15 Oct 2020 - John Z. Li

Assuming that we are working on a 32-bit machine, is it safe to use properly aligned 32-bit variables as poor man’s atomic variables in a multi-threaded context? The answer to this question is of course NO for obvious reasons. We all know the tricky things about memory order.

Now let us refine the original question as

If we only need to use a properly aligned 32-bit variable (say a int) as a 32-bit channel-buffer between two threads, that means one thread writing to it and another thread reading from it, and we know in advance that our program will be run on a single-core CPU, is it safe to write code like below?

    If(sahred_int){//in the reading thread
      do_something(shared_int);
    }

The answer is still NO. (To my surprise before I read link 1, link 2, and link 3).

One thing could happen is the so-called “load tearing”, which means the CPU might split loading of shared_int into two 16-bit load. If the value of shared_int gets changed between these two loads, the reading thread might get garbage value of shared_int. For example, if the writing thread performs the following:

    //in the writing thread
    shared_int = 0;
    shared_int = 0xFFFFFFFF;

A possible execution flow is (in pseudo code):

    shared_int = 0; //by the writing thread;

    the reading thread reads first two LSBs of shared_int

    shared_int = 0xFFFFFFFF;

    the reading thead reads last two MSBs of shared_int;

resulting a garbage value of shared_int being 0XFFFF0000, which is never intended.

Correspondingly, there is also “store tearing”, that is, the action of a single 32-bit store is split into two separate 16-bit store instructions.

The C language standard does not guarantee that accessing a word is atomic.
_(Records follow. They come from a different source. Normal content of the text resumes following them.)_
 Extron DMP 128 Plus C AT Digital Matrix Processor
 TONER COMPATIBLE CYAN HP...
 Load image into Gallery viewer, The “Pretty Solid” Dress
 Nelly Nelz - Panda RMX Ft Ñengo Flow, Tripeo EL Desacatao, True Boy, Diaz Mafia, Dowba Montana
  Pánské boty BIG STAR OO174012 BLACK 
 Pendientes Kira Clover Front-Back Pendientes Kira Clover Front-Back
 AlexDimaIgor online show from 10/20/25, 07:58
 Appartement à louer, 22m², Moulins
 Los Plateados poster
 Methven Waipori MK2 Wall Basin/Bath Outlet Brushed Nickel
Because of this, many kinds of optimization might kick in while compiling source code, resulting in subtle and hard-to-debug errors.
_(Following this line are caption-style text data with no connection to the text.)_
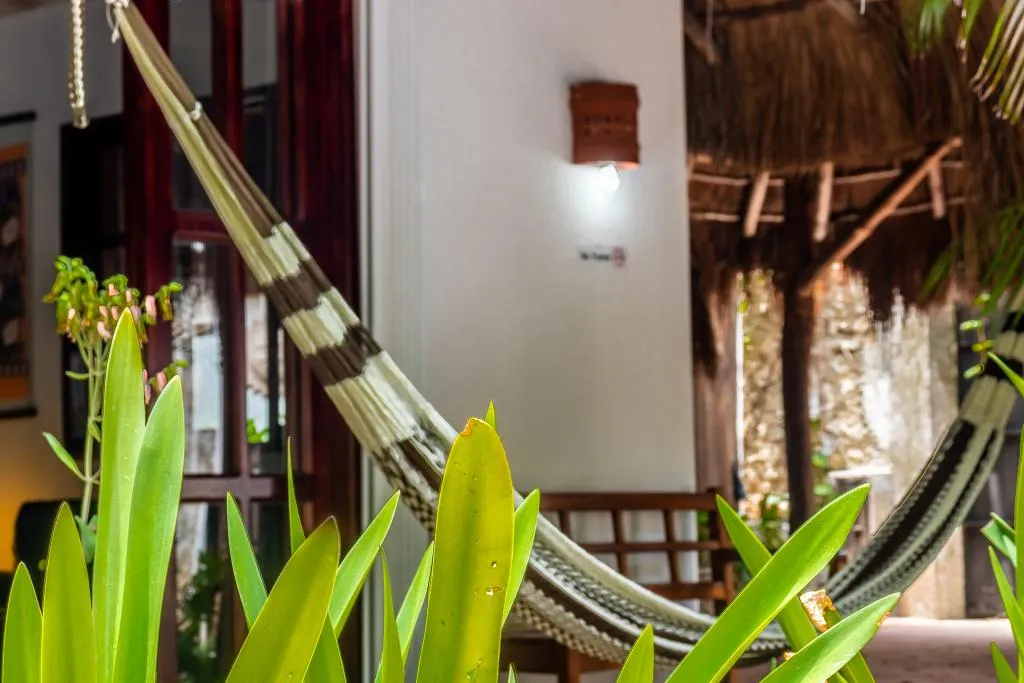 Cabin KING SIZE BED Room, Casaejido, Playa Del Carmen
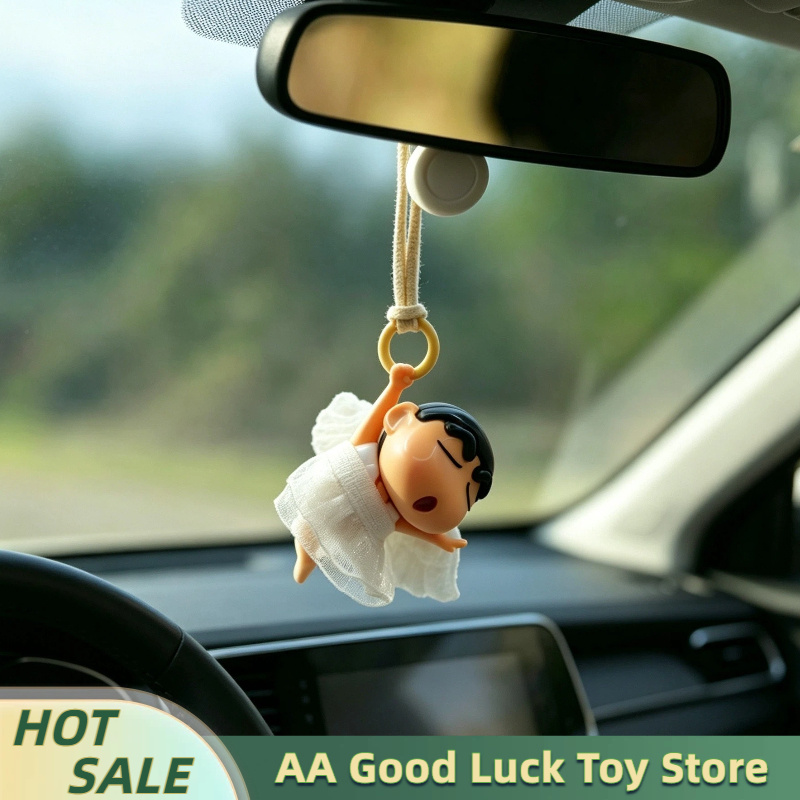 Crayon Shin-Chan Angel Ballet  - Car Accessories Inside 评论和价格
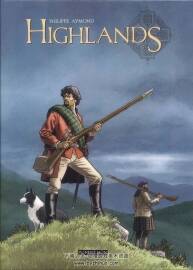 Highlands de Philippe Aymond 漫畫下載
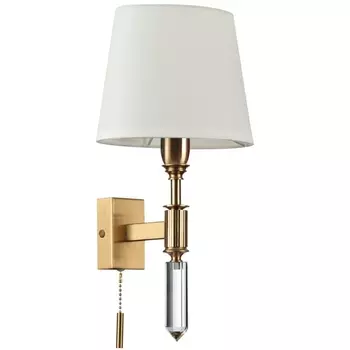 Бра с выключателем Odeon Light London 4894/1W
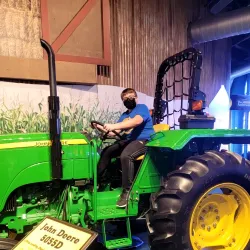 Imagination Station - Toledo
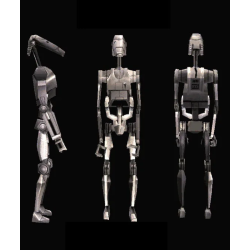 SW - Battle Droid 1:1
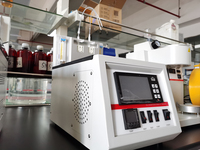 EN 14112 Rancimat Method Biodiesel Oxidation Stability Tester with 1 Year Warranty High Accuracy Oil Lab Equipment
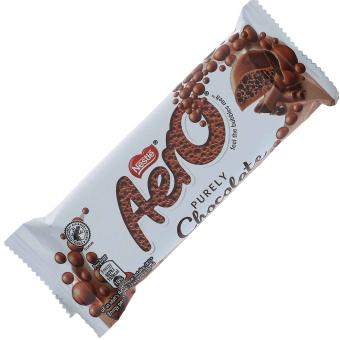 Aero Purely Chocolate Bar 36g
If full-fledged atomic types is not desired for some reasons, the ACCESS_ONCE() macro (introduced in Linux kernel in <linux/compiler.h>), which is defined as

    #define ACCESS_ONCE(x) (*(volatile typeof(x) *)&(x))

combined with the cache coherence and memory coherence protocol of x86/amd64 CPUs (this guarantees that any store to a shared variable will be visible for other threads), is sufficient to many use cases as a lightweight replacement for atomic types.